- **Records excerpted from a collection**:
[Start of section]
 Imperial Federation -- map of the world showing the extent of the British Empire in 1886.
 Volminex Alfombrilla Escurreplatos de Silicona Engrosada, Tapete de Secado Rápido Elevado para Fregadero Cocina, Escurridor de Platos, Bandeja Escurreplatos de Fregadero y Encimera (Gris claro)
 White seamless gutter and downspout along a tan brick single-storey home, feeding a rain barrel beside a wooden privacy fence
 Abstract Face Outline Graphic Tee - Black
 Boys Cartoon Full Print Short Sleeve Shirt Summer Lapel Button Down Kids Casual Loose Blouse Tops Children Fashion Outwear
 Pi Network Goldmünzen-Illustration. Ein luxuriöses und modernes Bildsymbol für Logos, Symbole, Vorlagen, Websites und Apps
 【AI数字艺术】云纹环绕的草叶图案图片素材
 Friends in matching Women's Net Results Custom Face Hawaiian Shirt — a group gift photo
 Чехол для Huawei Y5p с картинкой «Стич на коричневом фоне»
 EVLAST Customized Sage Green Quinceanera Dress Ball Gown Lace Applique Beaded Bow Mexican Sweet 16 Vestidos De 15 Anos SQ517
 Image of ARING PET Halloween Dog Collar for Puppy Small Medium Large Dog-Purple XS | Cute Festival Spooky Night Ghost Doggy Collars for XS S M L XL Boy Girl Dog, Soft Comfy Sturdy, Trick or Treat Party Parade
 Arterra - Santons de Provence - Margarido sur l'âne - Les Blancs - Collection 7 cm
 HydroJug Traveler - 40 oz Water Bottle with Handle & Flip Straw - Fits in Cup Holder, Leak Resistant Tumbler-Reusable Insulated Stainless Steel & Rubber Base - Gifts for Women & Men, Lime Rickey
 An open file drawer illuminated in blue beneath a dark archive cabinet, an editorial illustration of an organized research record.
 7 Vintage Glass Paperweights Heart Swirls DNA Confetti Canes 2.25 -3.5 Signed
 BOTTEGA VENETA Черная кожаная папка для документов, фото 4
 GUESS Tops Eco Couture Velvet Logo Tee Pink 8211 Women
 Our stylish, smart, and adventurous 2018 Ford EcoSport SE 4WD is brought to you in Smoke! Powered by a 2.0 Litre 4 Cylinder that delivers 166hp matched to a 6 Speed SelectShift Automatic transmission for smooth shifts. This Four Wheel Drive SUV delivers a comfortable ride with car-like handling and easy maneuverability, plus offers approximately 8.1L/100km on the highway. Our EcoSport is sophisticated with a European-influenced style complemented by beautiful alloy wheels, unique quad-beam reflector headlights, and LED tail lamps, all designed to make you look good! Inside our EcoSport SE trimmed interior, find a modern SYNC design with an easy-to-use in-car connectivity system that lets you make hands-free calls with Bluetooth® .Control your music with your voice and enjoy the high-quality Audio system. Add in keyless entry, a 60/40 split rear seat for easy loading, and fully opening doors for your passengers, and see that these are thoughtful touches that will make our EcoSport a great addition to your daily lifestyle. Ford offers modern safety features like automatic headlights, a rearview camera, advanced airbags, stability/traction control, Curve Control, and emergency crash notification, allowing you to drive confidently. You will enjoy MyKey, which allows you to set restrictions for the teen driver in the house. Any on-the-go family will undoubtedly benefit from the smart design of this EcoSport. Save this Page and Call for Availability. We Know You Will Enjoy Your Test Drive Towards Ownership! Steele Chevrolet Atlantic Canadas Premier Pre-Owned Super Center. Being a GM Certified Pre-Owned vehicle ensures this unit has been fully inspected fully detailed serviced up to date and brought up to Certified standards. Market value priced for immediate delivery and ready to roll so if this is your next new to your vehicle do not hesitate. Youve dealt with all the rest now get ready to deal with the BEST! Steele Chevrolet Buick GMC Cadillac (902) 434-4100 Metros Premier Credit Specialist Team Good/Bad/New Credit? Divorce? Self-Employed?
[End of section]
- **DIRECTIONS FOR THIS TASK**:
Using the entries above, give again exactly the lines from the line holding "EVLAST Customized Sage" through the line holding "GUESS Tops Eco". Include both end lines and nothing else.

- **TASK SOLUTION**:
 EVLAST Customized Sage Green Quinceanera Dress Ball Gown Lace Applique Beaded Bow Mexican Sweet 16 Vestidos De 15 Anos SQ517
 Image of ARING PET Halloween Dog Collar for Puppy Small Medium Large Dog-Purple XS | Cute Festival Spooky Night Ghost Doggy Collars for XS S M L XL Boy Girl Dog, Soft Comfy Sturdy, Trick or Treat Party Parade
 Arterra - Santons de Provence - Margarido sur l'âne - Les Blancs - Collection 7 cm
 HydroJug Traveler - 40 oz Water Bottle with Handle & Flip Straw - Fits in Cup Holder, Leak Resistant Tumbler-Reusable Insulated Stainless Steel & Rubber Base - Gifts for Women & Men, Lime Rickey
 An open file drawer illuminated in blue beneath a dark archive cabinet, an editorial illustration of an organized research record.
 7 Vintage Glass Paperweights Heart Swirls DNA Confetti Canes 2.25 -3.5 Signed
 BOTTEGA VENETA Черная кожаная папка для документов, фото 4
 GUESS Tops Eco Couture Velvet Logo Tee Pink 8211 Women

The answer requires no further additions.